Below is a listing with pictures. Repeat exactly the lines starting at the one holding "Brand in woning Weerselo" and going on through the one holding "Door Modern Latest", and leave every picture out.
************
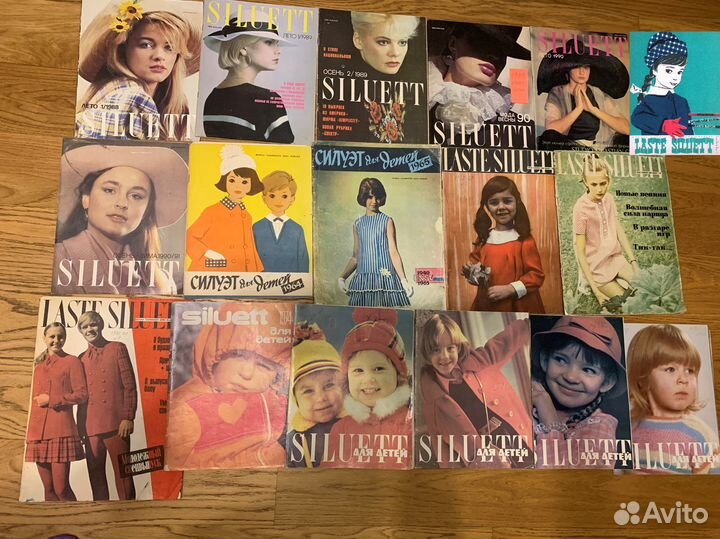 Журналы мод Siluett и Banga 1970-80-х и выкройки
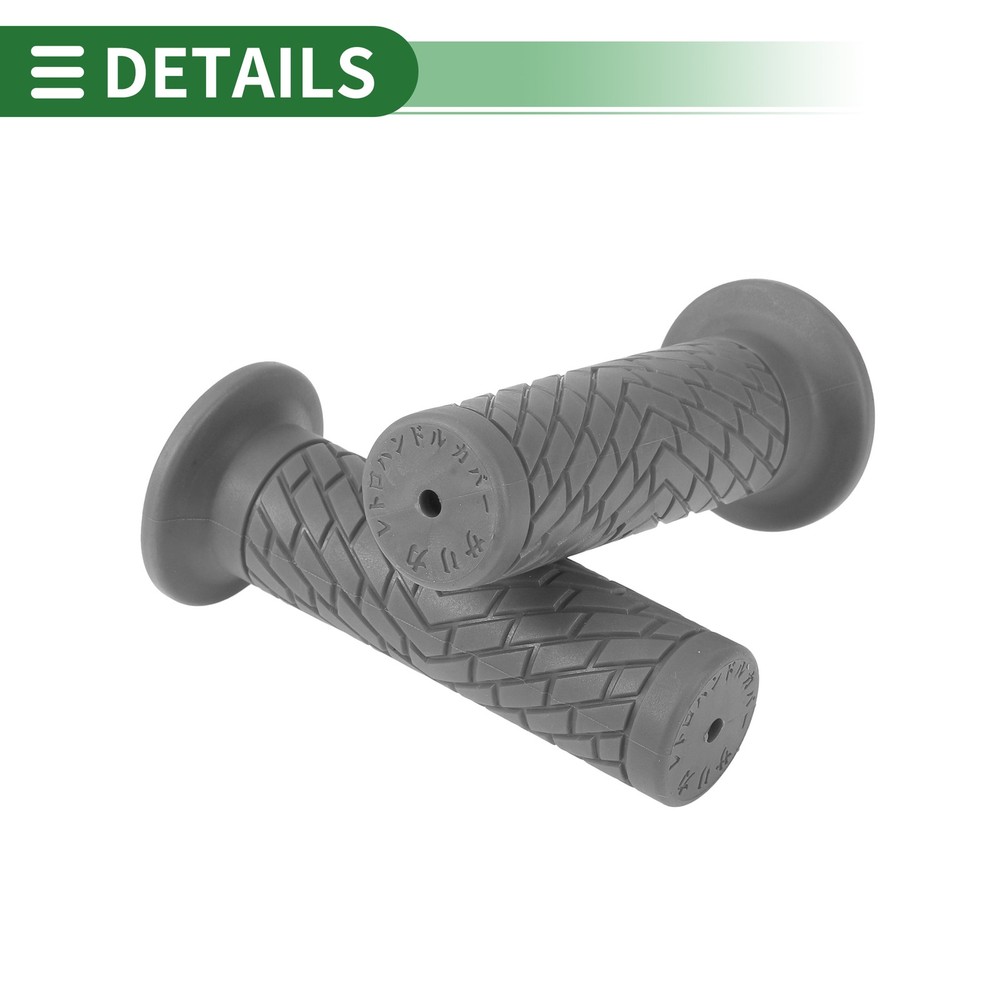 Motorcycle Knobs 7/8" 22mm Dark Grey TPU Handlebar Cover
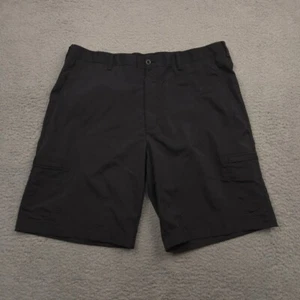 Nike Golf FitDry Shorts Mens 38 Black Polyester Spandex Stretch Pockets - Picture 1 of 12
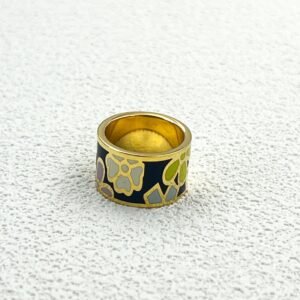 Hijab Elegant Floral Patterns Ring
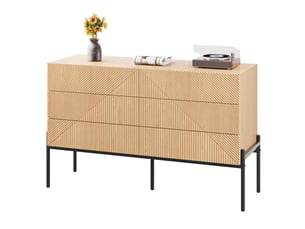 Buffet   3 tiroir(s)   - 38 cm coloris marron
************
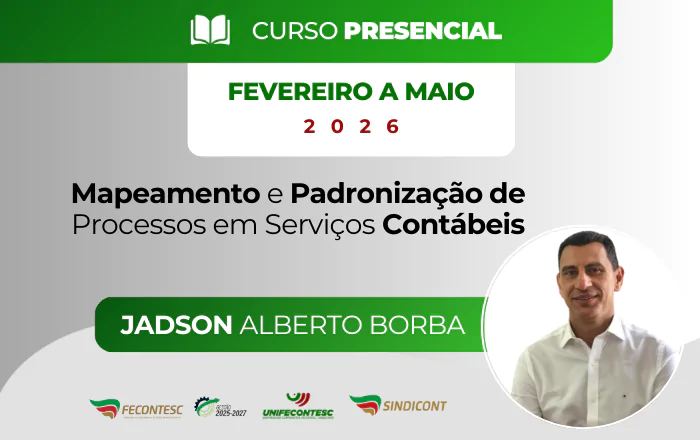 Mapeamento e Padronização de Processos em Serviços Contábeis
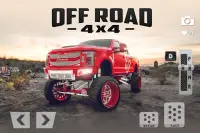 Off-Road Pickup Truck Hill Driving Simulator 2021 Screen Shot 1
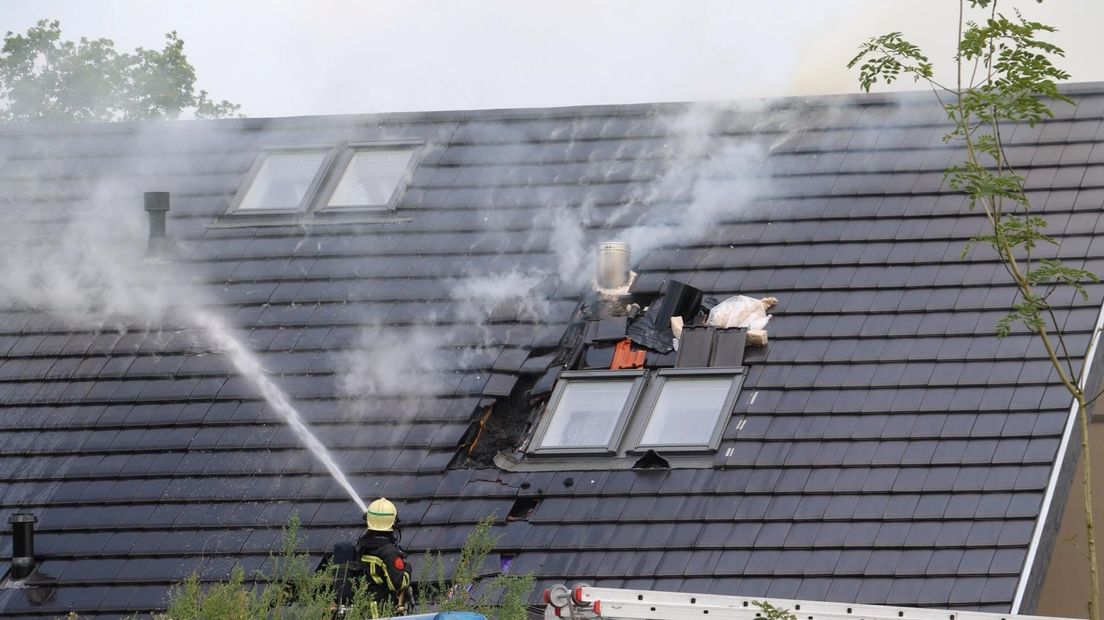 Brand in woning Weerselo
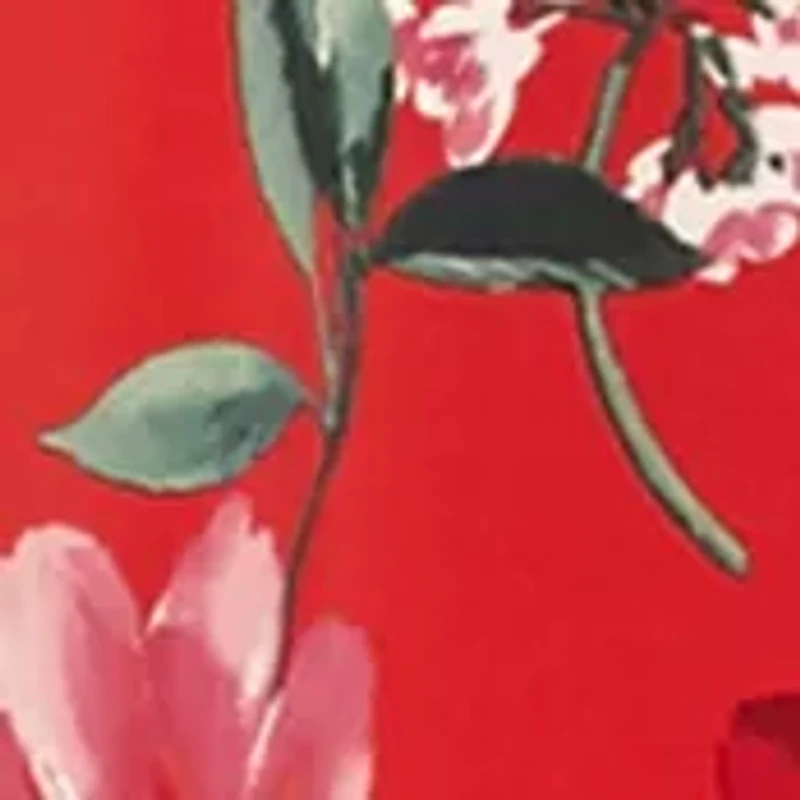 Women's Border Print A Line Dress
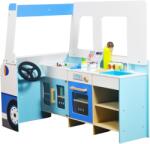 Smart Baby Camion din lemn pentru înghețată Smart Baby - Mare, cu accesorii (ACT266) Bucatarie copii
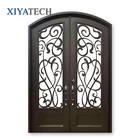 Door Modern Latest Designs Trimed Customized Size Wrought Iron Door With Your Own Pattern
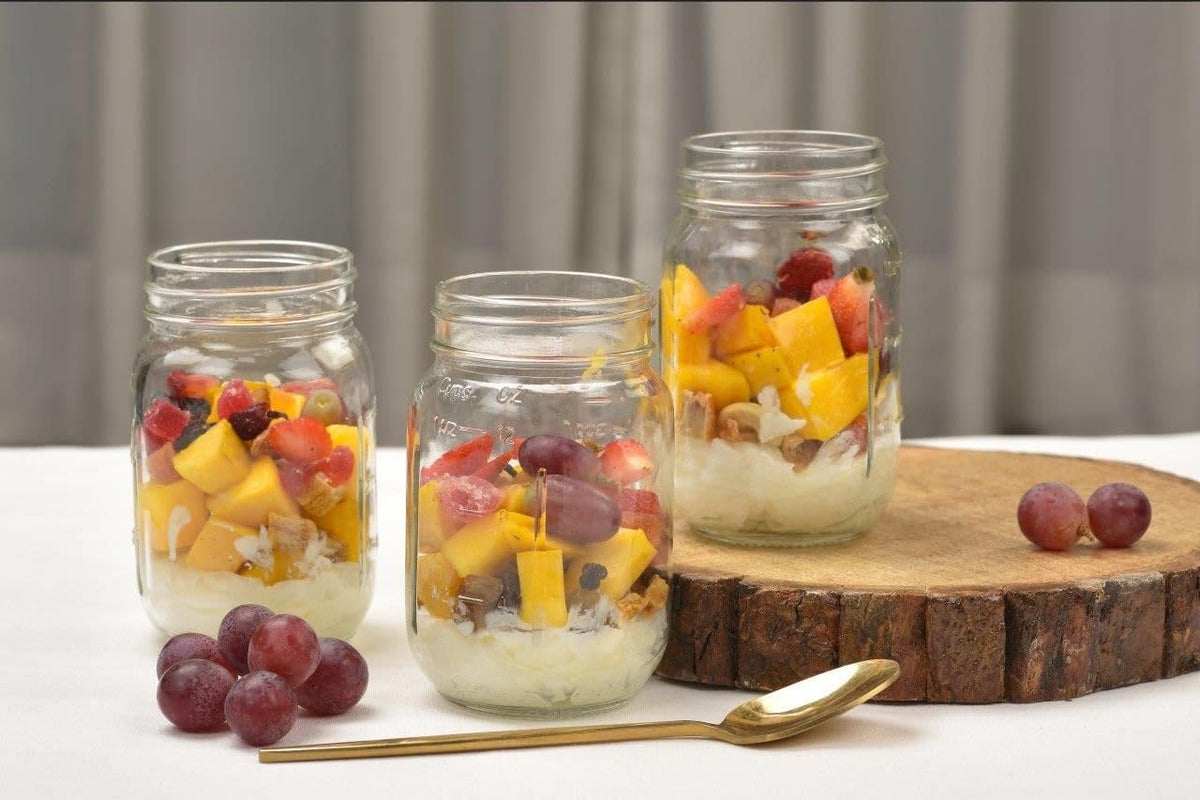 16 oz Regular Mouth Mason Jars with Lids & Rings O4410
************
◆ **Completed task**
 Brand in woning Weerselo
 Women's Border Print A Line Dress
 Smart Baby Camion din lemn pentru înghețată Smart Baby - Mare, cu accesorii (ACT266) Bucatarie copii
 Door Modern Latest Designs Trimed Customized Size Wrought Iron Door With Your Own Pattern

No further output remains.